[Captioned web image data]
-------
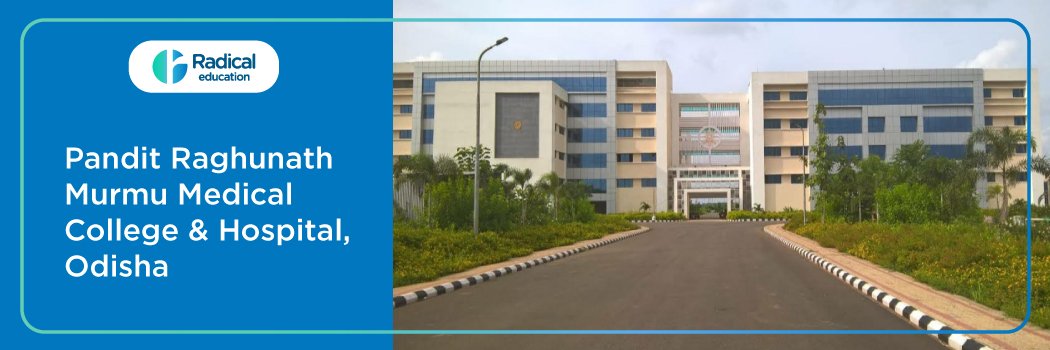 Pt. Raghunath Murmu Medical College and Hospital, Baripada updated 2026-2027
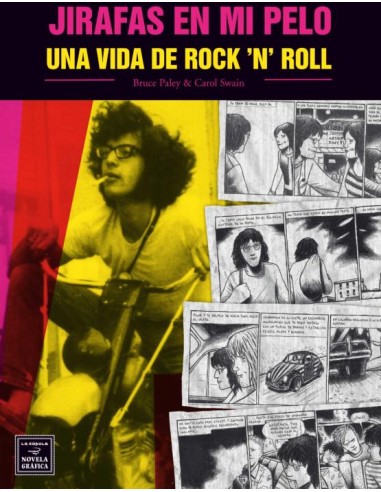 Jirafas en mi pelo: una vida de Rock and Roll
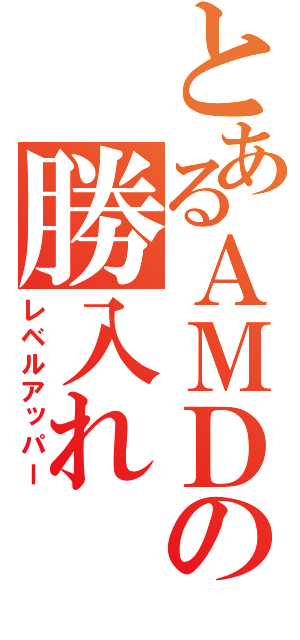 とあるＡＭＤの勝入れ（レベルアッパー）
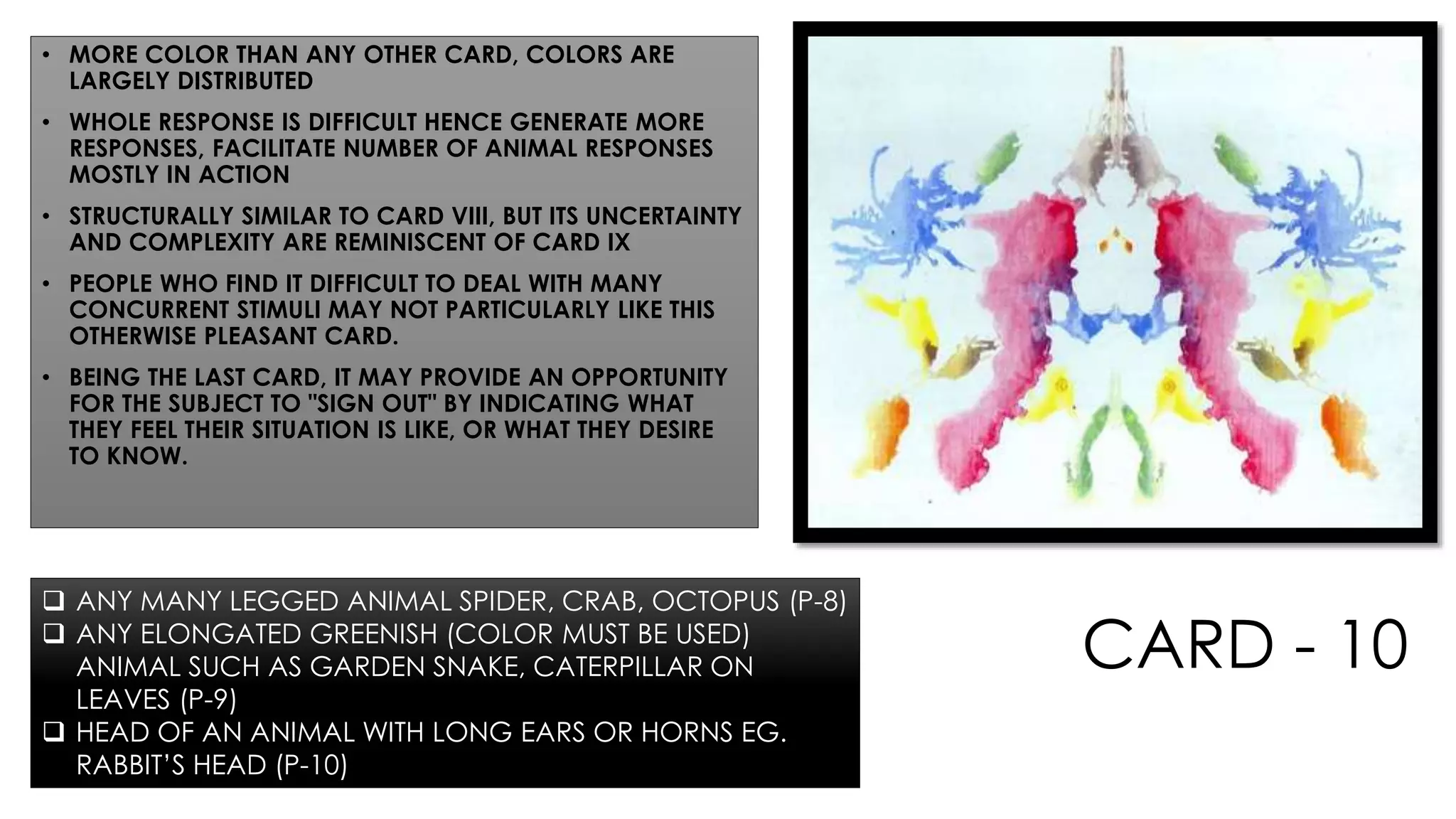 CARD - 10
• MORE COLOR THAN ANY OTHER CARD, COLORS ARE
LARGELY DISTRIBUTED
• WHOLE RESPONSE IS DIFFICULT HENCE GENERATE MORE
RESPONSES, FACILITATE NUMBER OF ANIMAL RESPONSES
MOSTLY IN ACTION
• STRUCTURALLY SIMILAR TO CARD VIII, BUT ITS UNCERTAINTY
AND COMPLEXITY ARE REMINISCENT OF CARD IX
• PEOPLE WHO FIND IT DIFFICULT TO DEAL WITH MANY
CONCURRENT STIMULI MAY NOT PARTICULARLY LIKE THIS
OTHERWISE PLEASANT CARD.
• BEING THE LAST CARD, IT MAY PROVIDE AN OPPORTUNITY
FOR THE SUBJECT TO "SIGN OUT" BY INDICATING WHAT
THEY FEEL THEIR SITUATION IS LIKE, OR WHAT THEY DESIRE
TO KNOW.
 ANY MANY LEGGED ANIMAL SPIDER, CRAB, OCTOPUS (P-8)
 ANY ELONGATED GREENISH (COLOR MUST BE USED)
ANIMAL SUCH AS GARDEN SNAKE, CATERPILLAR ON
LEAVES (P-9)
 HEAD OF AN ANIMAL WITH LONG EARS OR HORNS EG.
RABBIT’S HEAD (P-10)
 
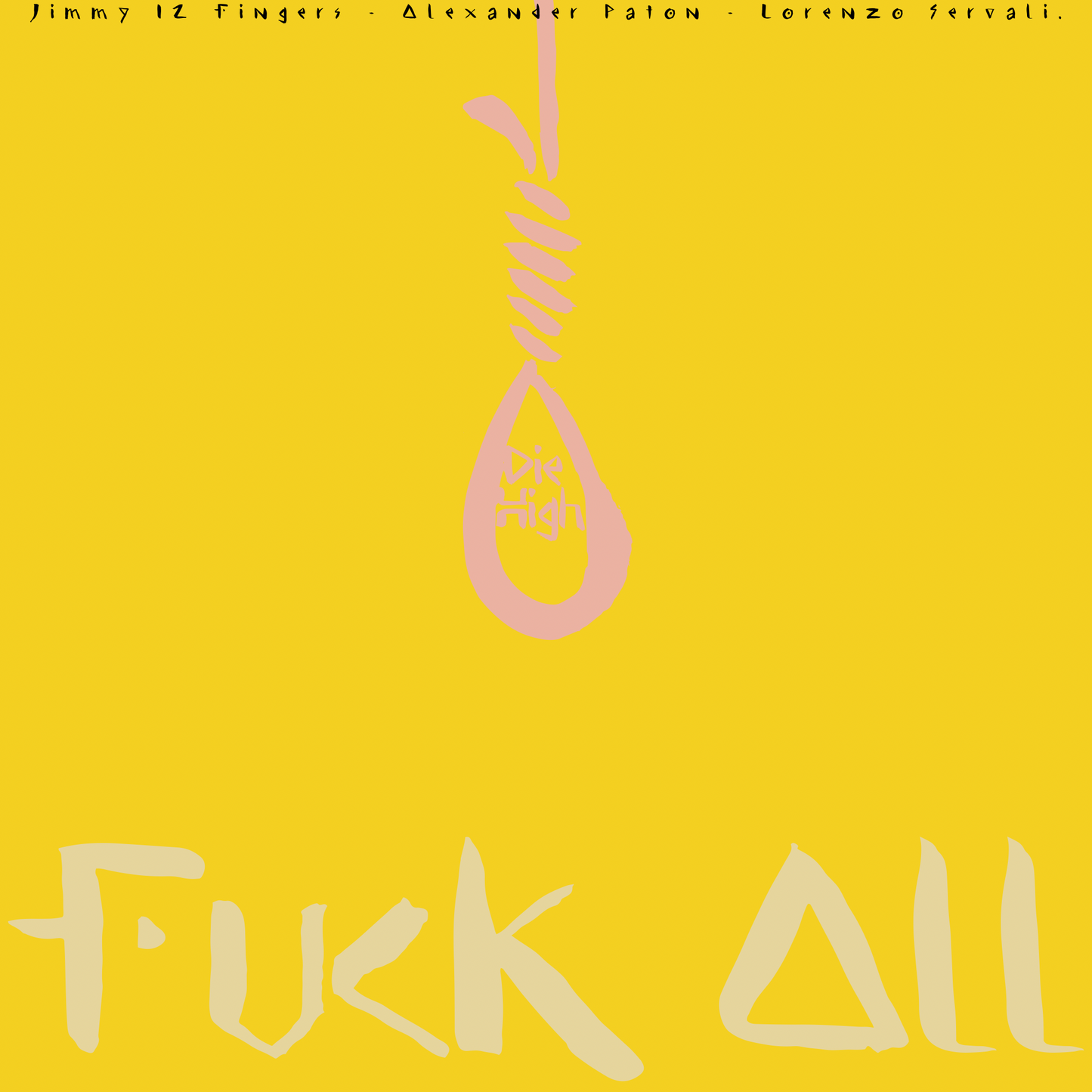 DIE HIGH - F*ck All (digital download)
-------
EXERCISE:
Write out exactly the lines above between the line with "CARD, COLORS ARE" and the line with "OTHERWISE PLEASANT CARD.", inclusive, and nothing beyond them.

EXERCISE OUTPUT:
• MORE COLOR THAN ANY OTHER CARD, COLORS ARE
LARGELY DISTRIBUTED
• WHOLE RESPONSE IS DIFFICULT HENCE GENERATE MORE
RESPONSES, FACILITATE NUMBER OF ANIMAL RESPONSES
MOSTLY IN ACTION
• STRUCTURALLY SIMILAR TO CARD VIII, BUT ITS UNCERTAINTY
AND COMPLEXITY ARE REMINISCENT OF CARD IX
• PEOPLE WHO FIND IT DIFFICULT TO DEAL WITH MANY
CONCURRENT STIMULI MAY NOT PARTICULARLY LIKE THIS
OTHERWISE PLEASANT CARD.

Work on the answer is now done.